United States District Court, N.D. Illinois, Eastern Division

September 8, 2016

DANA CAPLAN, Plaintiff,
v.
UNITED STATES OF AMERICA, Defendant.

          OPINION AND ORDER

          SARA L. ELLIS UNITED STATES DISTRICT JUDGE

         Plaintiff Dana Caplan receives medical treatment at the Government-run Captain James A. Lovell Federal Healthcare Center (“Lovell”) in North Chicago, Illinois, which provides motorized scooters to Veterans Affairs (“VA”) patients to assist their mobility in the health center. Caplan received a scooter before a medical appointment in March 2012, and when the scooter tilted, he tried to stop it with his leg and tore his quadriceps tendon. Caplan alleges that the Government gave him a scooter that was inappropriate for his weight and size and that the Government is liable under the Federal Tort Claims Act (“FTCA”), 28 U.S.C. § 1346(b)(1). The Government has filed a motion for summary judgment on Caplan's FTCA claim and to limit the amount of damages that Caplan may recover [20], and Caplan has filed a cross-motion for summary judgment [26]. Because Caplan affirmatively abandons any claim that the Government breached a duty to warn Caplan about the scooter, the Court grants the Government's motion for summary judgment. Further, the Court denies Caplan's cross-motion because he has not shown that he can bring any tort claim other than a duty to warn claim. Because the Government is entitled to summary judgment on Caplan's claims, the Court denies the Government's motion to limit Caplan's damages as moot.

         BACKGROUND [1]

         Caplan has received medical treatment at Lovell since 1999. During that time, Lovell has provided motorized scooters to VA patients to assist their mobility in the health center. In 2008, Caplan had foot and leg problems, so he asked for a motorized scooter. The VA instructed Caplan on the general safety of scooter use, and Caplan passed a scooter driving exam that made him eligible for scooters from the VA in 2008.

         During the relevant time periods in Caplan's case, the VA loaned two types of scooters at Lovell, the Pride Maxima and the Pride Victory 9. Both have three wheels. Maxima scooters have a weight limit of 400 pounds, and the smaller Victory 9 scooters have a 300-pound weight limit. There are visible differences between the Maxima and the Victory 9 scooters: they have different seats, the Maxima is much larger and is labeled “Maxima, ” and the Victory 9 is labeled “Victory 9.” The scooters that the VA loans out to patients for use in Lovell are kept at Lovell's circle-drive entrance, which provides valet service for patients who drive. The keys to the loaner scooters are kept in a container at the front desk that is situated at the entrance's two sets of automatic doors.

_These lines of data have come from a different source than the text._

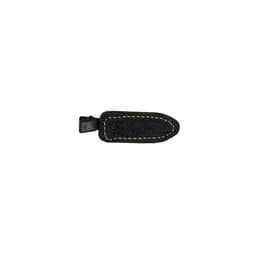 A denim hair clip in black with yellow stitching, featuring a plastic clasp and a simple design.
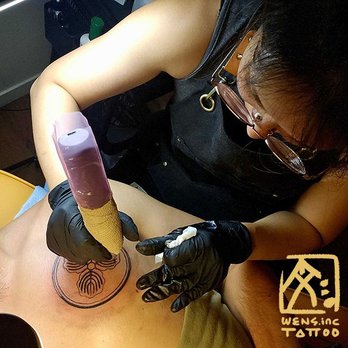 Wen's Tattoos - Three oaks leaves in a circle family crest (Maruni Mitsu Kashiwa Kamon) tattoo, done by artist Wens Inc Tattoo. - Tattoo Near Me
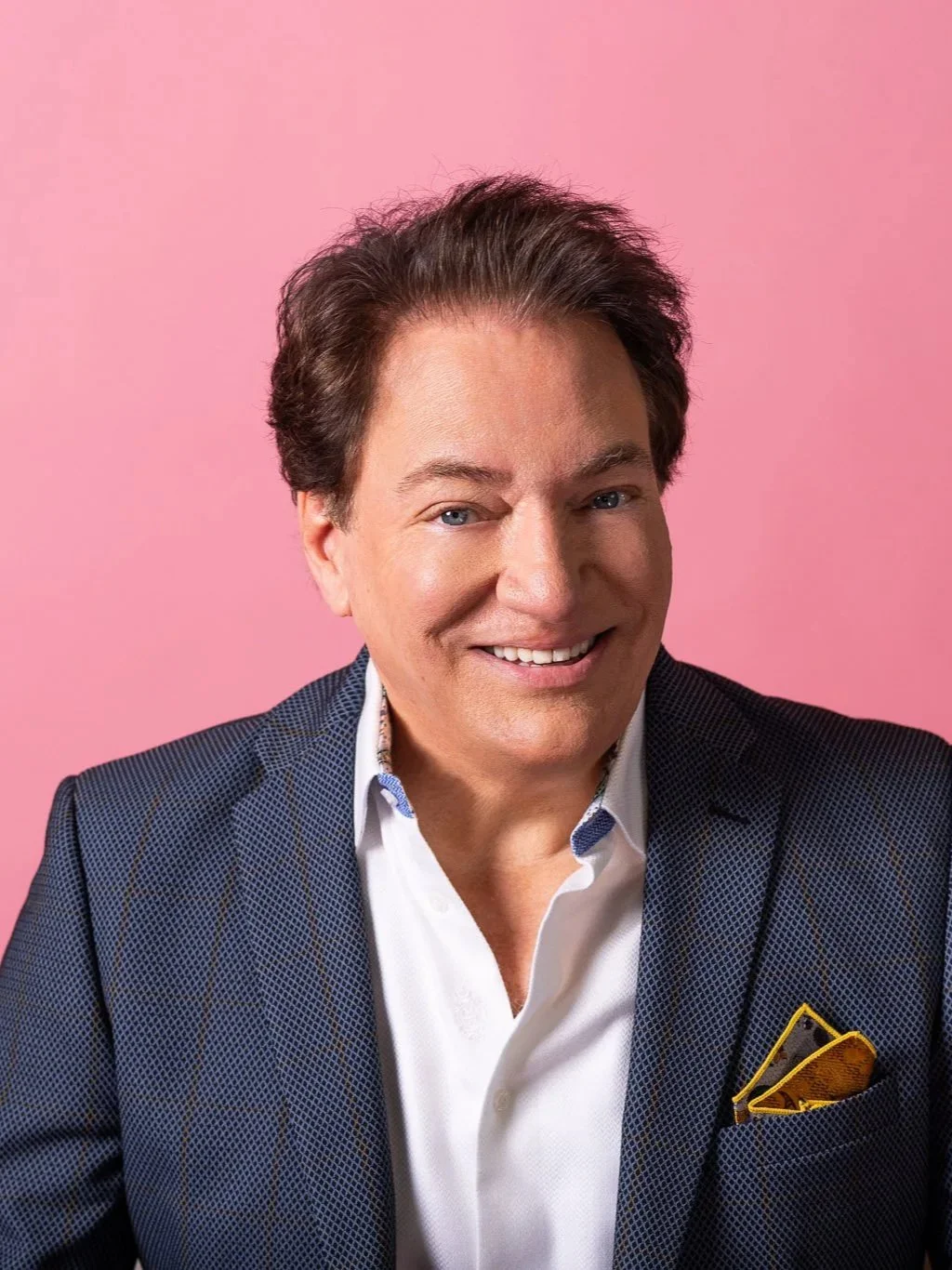 A smiling man with dark brown hair wearing a dark blue patterned blazer and white shirt with a yellow pocket square, against a pink background.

         Caplan is 6'5” and weighs more than 420 pounds, and the VA gave him two Maxima scooters to keep for his personal use. Normally, Caplan used these two Maxima scooters to move throughout Lovell during his visits there (his personal truck was capable of carrying, loading, and unloading a scooter); when he did not use his own Maxima scooters he used Maxima scooters loaned to him at Lovell.

         On March 9, 2012, Caplan was scheduled for physical therapy appointment at Lovell. His personal scooter had a battery issue, so he called the VA in advance of the appointment to reserve a scooter at Lovell. He identified himself, and his weight, to whomever was on the line, though Caplan does not recall to whom he spoke, and he requested a “fat boy scooter” because he weighed over 400 pounds.

         When Caplan arrived at Lovell for the March 9 appointment, Caplan pulled into the circle drive entrance. Vocational rehabilitation unit (“VRU”) patient Daryl Thomas was assigned to work the front desk at the circle drive entrance. Valets Steven Negron and Nathaniel Forcier, employees of Advantage Valet, a valet company hired as an independent contractor by the VA, were working the valet stand at the circle drive entrance.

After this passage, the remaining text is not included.